Aslında, 17 Ağustos 1999 Doğu Marmara depreminden sonra, Türkiye'deki depremle ilgili kamu kurum ve kuruluşları, üniversiteler, meslek odaları, sivil toplum kuruluşları ve bazı yerel yönetimler, sınırlı olanakları ile, depremlerle mücadele konusunda olumlu bazı çalışmalar yapmışlar, projeler üretmişler; ancak, bu çalışmaların hiçbiri hedeflenen amaçlarına ulaşamamıştır.
Çünkü, hem hükümetlerden yeterli maddi desteği görememişlerdir hem de tüm bu çalışmaları koordine edecek ve uygulamaya koyacak bir üst kurum oluşturulamamıştır.

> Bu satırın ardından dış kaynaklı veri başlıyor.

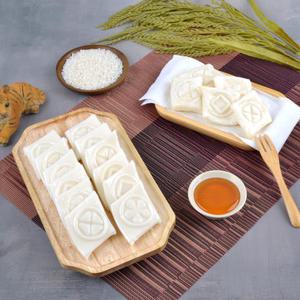 우리쌀 옛날 흰절편 1kg 2봉 알뜰묶음 (총 2kg)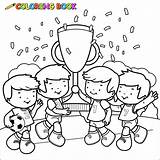 Coloring Page Winner Stock Illustrations – 234  sketch template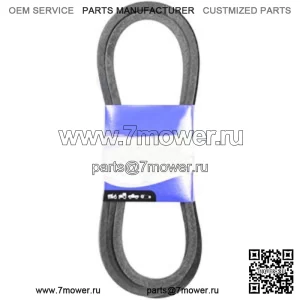 Приводной ремень подходит для Exmark ZTR Lazer Z 60 и 72 дюймов Mule. Подходит для Exmark 103-4014 1034014.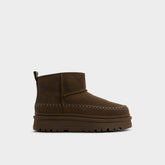 Aldo Milanie in Dark Green - Ankle boot, Lug sole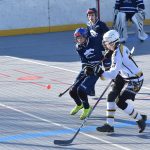 VIDEO: Hokejbaloví junioři Prachatic zdolali Kladno a jsou v nejlepší šestce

Sonuç olarak Türkiye, maddi ve manevi çok büyük kayıplara neden olan ve tüm ülkemizi büyük yasa boğan 7.4 büyüklüğündeki 17 Ağustos 1999 Doğu Marmara depreminden bu yana tam yedi yıl geçmiş olmasına karşın, depremlerle mücadele konusunda, bugüne dek, ne yazık ki bir arpa boyu bile yol alamamıştır.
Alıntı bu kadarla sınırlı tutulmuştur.